== Segment start ==

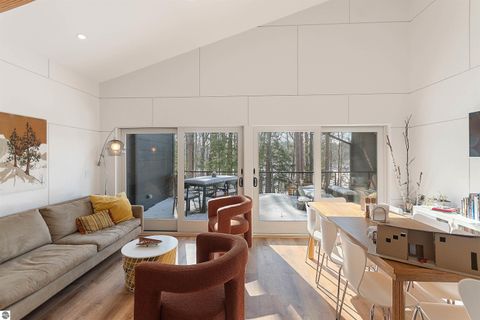 Tiny photo for 7103 Lake View Ridge, Lake Ann, MI 49650 (MLS # 1942685)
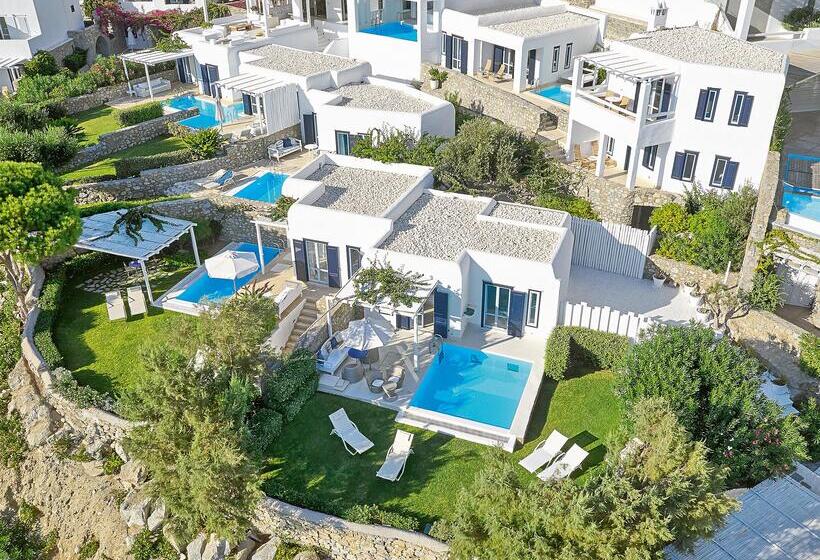 Вилла с 1 спальней и бассейном, Mykonos Blu, A Grecotel Resort To Live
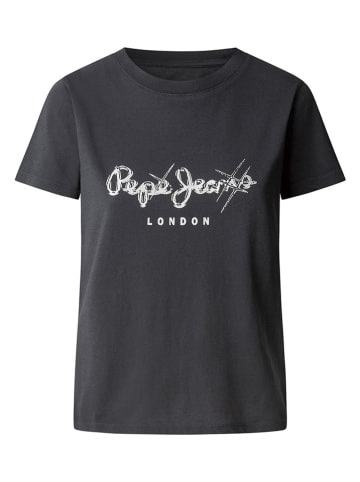 Pepe Jeans Koszulka "Leticia" w kolorze czarnym
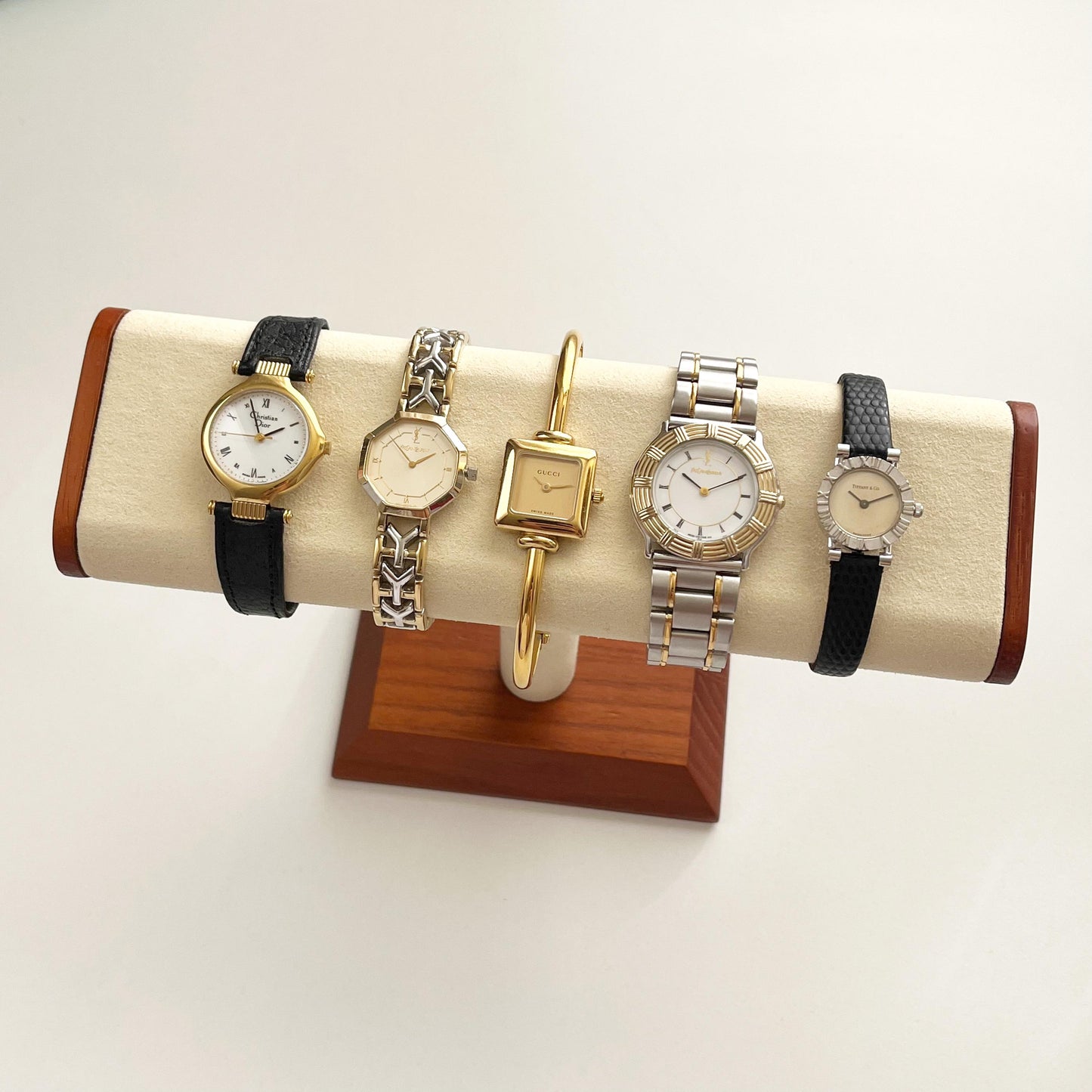 Vintage Women’s Watches: Dior, YSL, Gucci, YSL, Tiffany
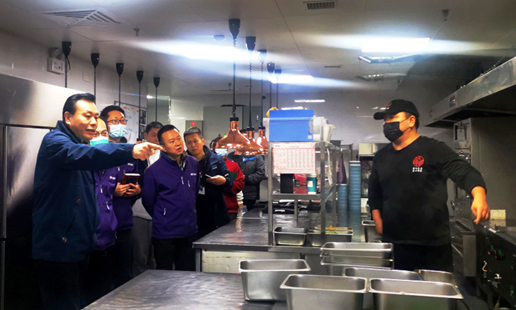 查细节 抓落实 保平安——苏州明基医院院领导班子带队春节安全巡查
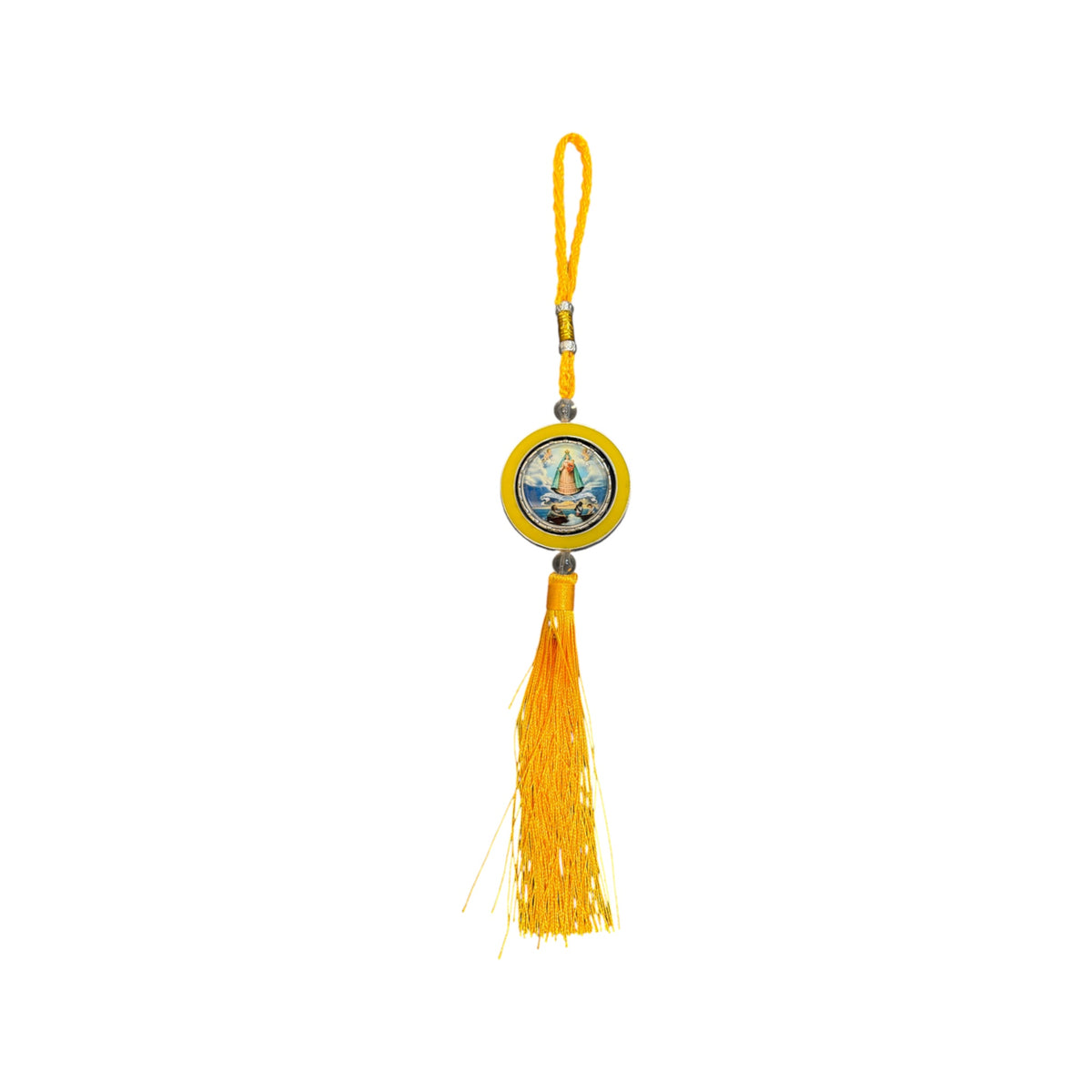 13" Virgin of Charity hanging image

== Segment end ==

What you are asked to do: Repeat the records above verbatim, dropping the pictures.

Answer area:
 Tiny photo for 7103 Lake View Ridge, Lake Ann, MI 49650 (MLS # 1942685)
 Вилла с 1 спальней и бассейном, Mykonos Blu, A Grecotel Resort To Live
 Pepe Jeans Koszulka "Leticia" w kolorze czarnym
 Vintage Women’s Watches: Dior, YSL, Gucci, YSL, Tiffany
 查细节 抓落实 保平安——苏州明基医院院领导班子带队春节安全巡查
 13" Virgin of Charity hanging image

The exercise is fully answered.